Wednesday, August 21, 2013

Living in Hong Kong

We've been here three weeks now, so I thought I'd share a few things.

First, you're perhaps wondering why we came.  We visited HK a few years ago during vacation from our teaching gigs in Seoul, South Korea.  While it was very hot and humid, pretty much everything else about Hong Kong excited us, and we pledged then that if we ever could live and work here we would.  Fast forward a few years.  Nora returned to school to get her teaching certification, realized that she wasn't all that jazzed about being a teacher halfway through, and settled on being a school librarian (these days they need teacher's certifications and a Masters in library science).  Nora took on both programs at the same time, which was a pretty astounding workload; I continued working online, and took on a lecturing position at MTSU because we were living about a mile away and it seemed like a good idea.  Long story short: we moved out of our apartment, I left my lecture position after three semesters, we went to India, Sri Lanka, and Ecuador, and meanwhile Nora applied to a lot of positions around the world.  Two in Hong Kong called her back, and a lot of paperwork later, we were all set to go.

(us at the Tian Tan Buddha on Lantau Island in 2010)

So we sold our car, our desktop computer, our Xbox, and my bicycle (the bicycle was the hardest to let go) and bought flights to Hong Kong.  We arrived the night of August 1st, got to our hotel, and slept.  When we woke up, it was my birthday, which I thought was a pretty good sign.  And aside from still very slowly recovering from the ankle I sprained in India, just about everything else has been a very positive experience.

(milk tea and Pearl dumplings in spicy sauce)

We gave ourselves 3 days to find an apartment, but thanks to Nora's research and emails in advance, we signed a lease on the first day and paid the deposit and rent on the 2nd and got the keys.  The building is relatively new, in a quieter (for HK) neighborhood, and has a gym on the 5th floor.  Across the street are two more buildings of the same complex, and they have a larger gym and a pool.  It's a 4 block walk to Nora's work, and so far I've visited four bakeries and six grocery stores within a ten minute walk.  Several major bus lines stop on the corner, from whence we can go downtown, to the subway station, or to the other side of HK island.

(rush hour at the Central subway station)

Within a 5 minute walk of us there are several cafes and bars, a public library, as well as restaurants specializing in Chinese (obviously), Korean, Vietnamese, Indian, Spanish, Italian, French, American, and English pub foods.  We got a ridiculous amount of furniture delivered from Ikea and assembled for less than $200, and any of the above restaurants offer free delivery.  I've recently discovered that the grocery stores do, too, but to be honest grocery shopping is one of my favorite activities, so I'm not cutting it out anytime soon.

(Chinese breakfast: eggs, bun, noodles and soup, and milk tea)

Our apartment is on the 20th floor, and has a balcony with harbor views.

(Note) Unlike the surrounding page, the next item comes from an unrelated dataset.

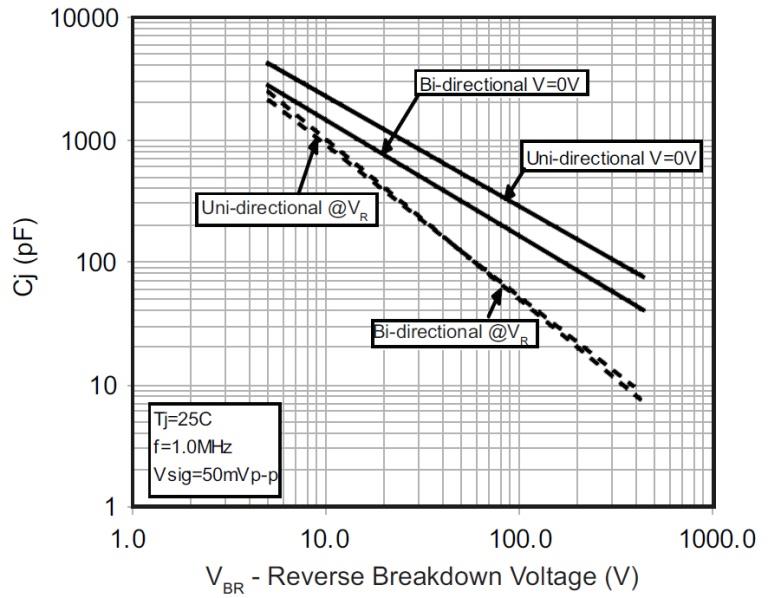Bencent BV-SMBJ22CA for sale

We've got a kitchen with fridge, decent counter space, 2 sinks, 3 gas burners, and a washing machine.  We've got a table with two chairs, a chest of drawers, and a couch and coffee table in our living room.  the bedroom has a double bed and wardrobe.

(our apartment before we got furniture)

Potential downsides: we've got 410 square feet in our apartment, including the balcony. So it seems pretty small.  The weird thing is, after getting all our furniture moved in and our things stored properly, it actually seems larger.  It's plenty of space for us, though the shower could be a little larger.  It's difficult to turn around in for someone with arms as long as mine.  The washer is supposed to also be a dryer, but I can't get the drying function to work, and I broke the latch that opens it on the first day.  So I'm using a pair of scissors to open the washer, and we have to hang dry our clothes on the balcony, but these are minor inconveniences, and we hung all our clothes to dry the year we lived in Korea, too.

(light show from Kowloon)

Imagine, if you will, a city that is caught somewhere between the future and the past, a place where light shows illuminate skyscrapers to the sound of a symphony orchestra, and where bamboo scaffolding surrounds construction work on a traditional herbal dispensary.  Where you can buy 1 Gigabit internet service for the same price as 10Mb service in the States, and within a short walk also by dried shark fins.  Where ferries cruising above the waves on hydrofoils jostle for space with sampans, junks, and cargo vessels. There are tree everywhere, and from afar the buildings seem to rise up as if out of a forest.  The harbor on one side and the mountains on the other are omnipresent; no matter where you are, you can always orient yourself.  This, to me, is Hong Kong.

(walking along the harbor in Kennedy Town)

It's fast, loud, hot, and always humid.  It's a polyglot, gastronomical wonderland that encompasses the best of what big cities have to offer. The only thing it's missing is you.